Selenic acid is the inorganic compound with the formula H2SeO4. It is an oxoacid of selenium, and its structure is more accurately described as O2Se(OH)2. It is a colorless compound. Although it has few uses, one of its salts, sodium selenate is used in the production of glass and animal feeds.

==Structure and bonding==
The molecule is tetrahedral, as predicted by VSEPR theory. The Se–O bond length is 161 pm. In the solid state, it crystallizes in an orthorhombic structure.

==Preparation==
It is prepared by oxidising selenium compounds in lower oxidation states. One method involves the oxidation of selenium dioxide with hydrogen peroxide:
SeO2 + H2O2 → H2SeO4

Unlike the production of sulfuric acid by hydration of sulfur trioxide, the hydration of selenium trioxide is an impractical method. Instead, selenic acid may also be prepared by the oxidation of selenous acid (H2SeO3) with halogens, such as chlorine or bromine, or with potassium permanganate. Using chlorine or bromine as the oxidising agents also produces hydrochloric or hydrobromic acid as a side-product, which needs to be removed from the solution since they can reduce the selenic acid to selenous acid.

To obtain the anhydrous acid as a crystalline solid, the resulting solution is evaporated at temperatures below 140 C in a vacuum.

==Reactions==
Like sulfuric acid, selenic acid is a strong acid that is hygroscopic and extremely soluble in water. Concentrated solutions are viscous. Crystalline mono- and di-hydrates are known. The monohydrate melts at 26 °C, and the dihydrate melts at −51.7 °C.

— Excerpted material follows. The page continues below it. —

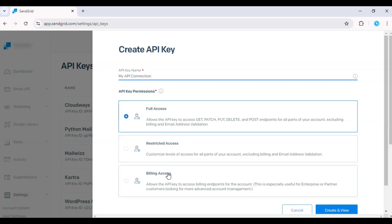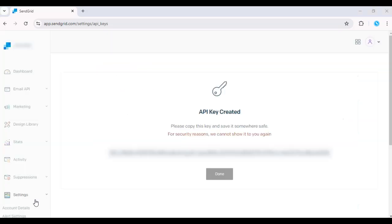Once you've selected the permissions, click Create and View. Your API key will be generated, and you'll need to copy it immediately as you won't be able to view it again later.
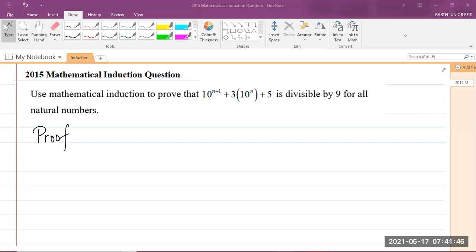Yo, what's going on? Mr. Garfield here. We're going to look at a 2015 past paper question on module one, the principle of mathematical induction.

Selenic acid is a stronger oxidizer than sulfuric acid, capable of liberating chlorine from chloride ions, being reduced to selenous acid in the process:
H2SeO4 + 2 H+ + 2 Cl- → H2SeO3 + H2O + Cl2

It decomposes above 200 °C, liberating oxygen gas and being reduced to selenous acid:
2 H2SeO4 → 2 H2SeO3 + O2

Selenic acid reacts with barium salts to precipitate solid BaSeO4, analogous to the sulfate. In general, selenate salts resemble sulfate salts, but are more soluble. Many selenate salts have the same crystal structure as the corresponding sulfate salts.

Treatment with fluorosulfuric acid gives selenoyl fluoride:
H2SeO4 + 2 HSO3F → SeO2F2 + 2 H2SO4

Hot, concentrated selenic acid reacts with gold, forming a reddish-yellow solution of gold(III) selenate:
2 Au + 6 H2SeO4 → Au2(SeO4)3 + 3 H2SeO3 + 3 H2O

==Applications==
Selenic acid is used as a specialized oxidizing agent.